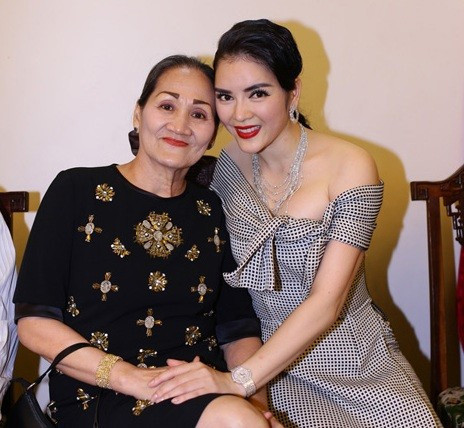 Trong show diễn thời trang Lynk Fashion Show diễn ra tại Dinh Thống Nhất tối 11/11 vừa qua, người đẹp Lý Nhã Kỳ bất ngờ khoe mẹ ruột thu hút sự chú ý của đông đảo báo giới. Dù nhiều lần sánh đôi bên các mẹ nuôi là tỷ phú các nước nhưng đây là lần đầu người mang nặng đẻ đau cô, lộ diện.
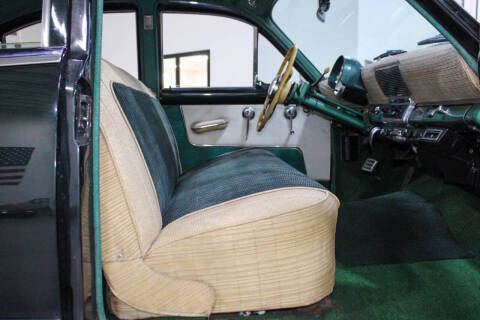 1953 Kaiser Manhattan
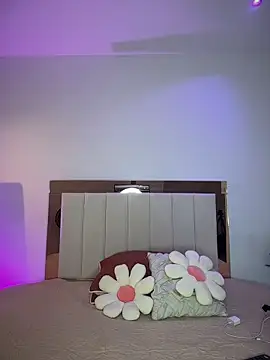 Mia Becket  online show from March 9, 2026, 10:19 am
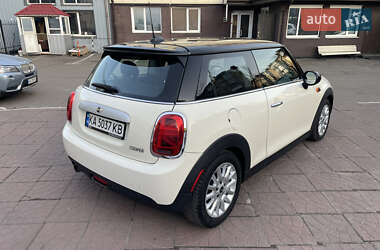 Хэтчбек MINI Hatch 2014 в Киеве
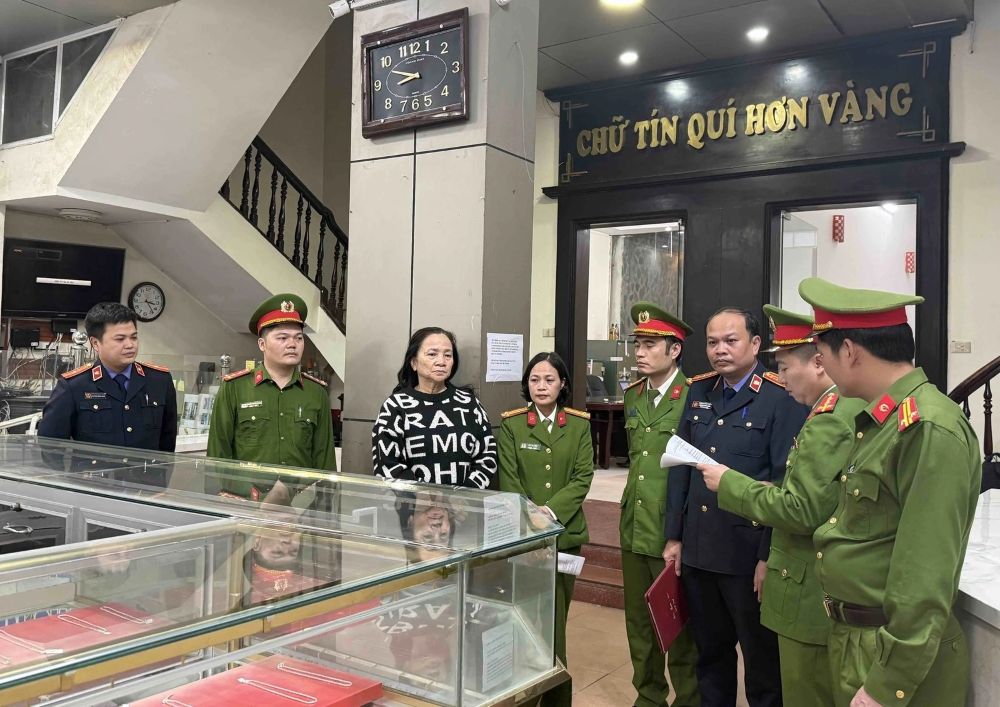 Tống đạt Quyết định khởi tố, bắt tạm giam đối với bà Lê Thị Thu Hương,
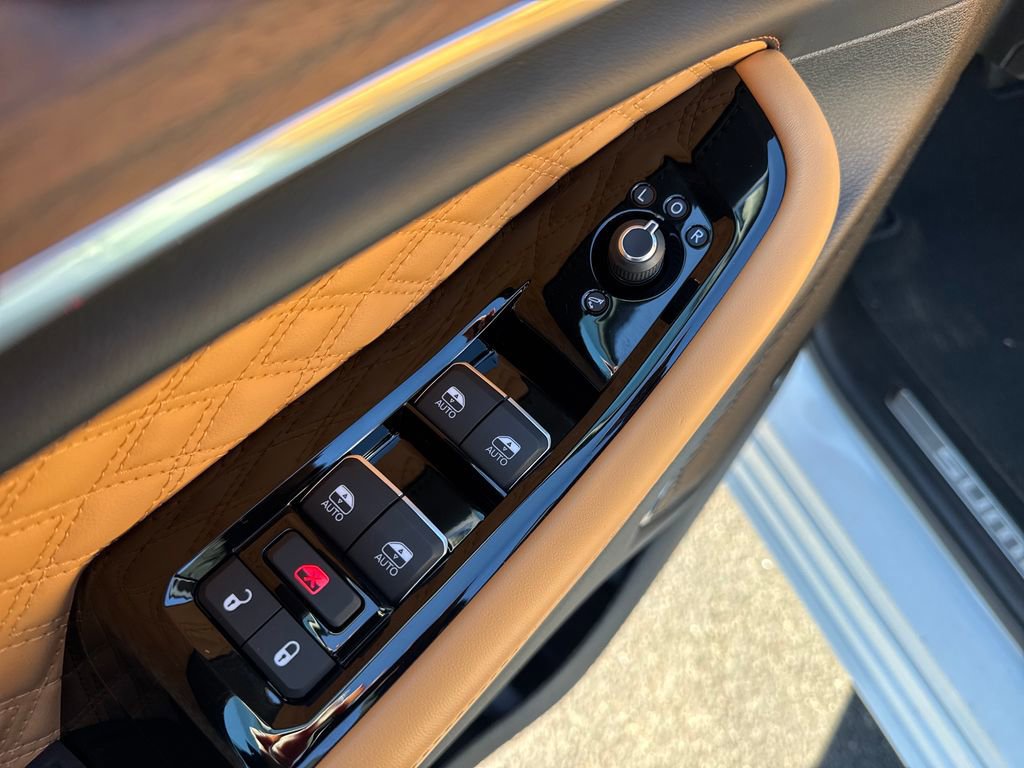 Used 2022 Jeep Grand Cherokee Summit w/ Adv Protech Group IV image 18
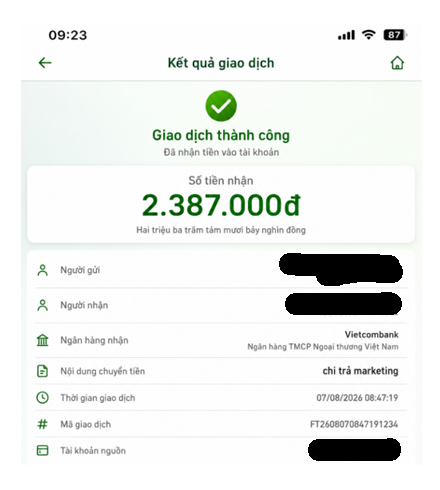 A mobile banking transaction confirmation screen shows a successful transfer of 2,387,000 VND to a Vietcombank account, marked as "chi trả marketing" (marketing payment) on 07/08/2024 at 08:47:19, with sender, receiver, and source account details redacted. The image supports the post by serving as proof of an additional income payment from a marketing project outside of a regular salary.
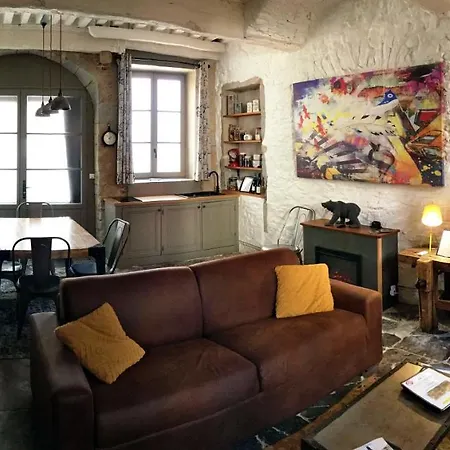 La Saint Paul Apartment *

**Problem description**
Repeat the entries exactly and keep the pictures out of the copy.

**Solved exercise**
 Trong show diễn thời trang Lynk Fashion Show diễn ra tại Dinh Thống Nhất tối 11/11 vừa qua, người đẹp Lý Nhã Kỳ bất ngờ khoe mẹ ruột thu hút sự chú ý của đông đảo báo giới. Dù nhiều lần sánh đôi bên các mẹ nuôi là tỷ phú các nước nhưng đây là lần đầu người mang nặng đẻ đau cô, lộ diện.
 1953 Kaiser Manhattan
 Mia Becket  online show from March 9, 2026, 10:19 am
 Хэтчбек MINI Hatch 2014 в Киеве
 Tống đạt Quyết định khởi tố, bắt tạm giam đối với bà Lê Thị Thu Hương,
 Used 2022 Jeep Grand Cherokee Summit w/ Adv Protech Group IV image 18
 A mobile banking transaction confirmation screen shows a successful transfer of 2,387,000 VND to a Vietcombank account, marked as "chi trả marketing" (marketing payment) on 07/08/2024 at 08:47:19, with sender, receiver, and source account details redacted. The image supports the post by serving as proof of an additional income payment from a marketing project outside of a regular salary.
 La Saint Paul Apartment *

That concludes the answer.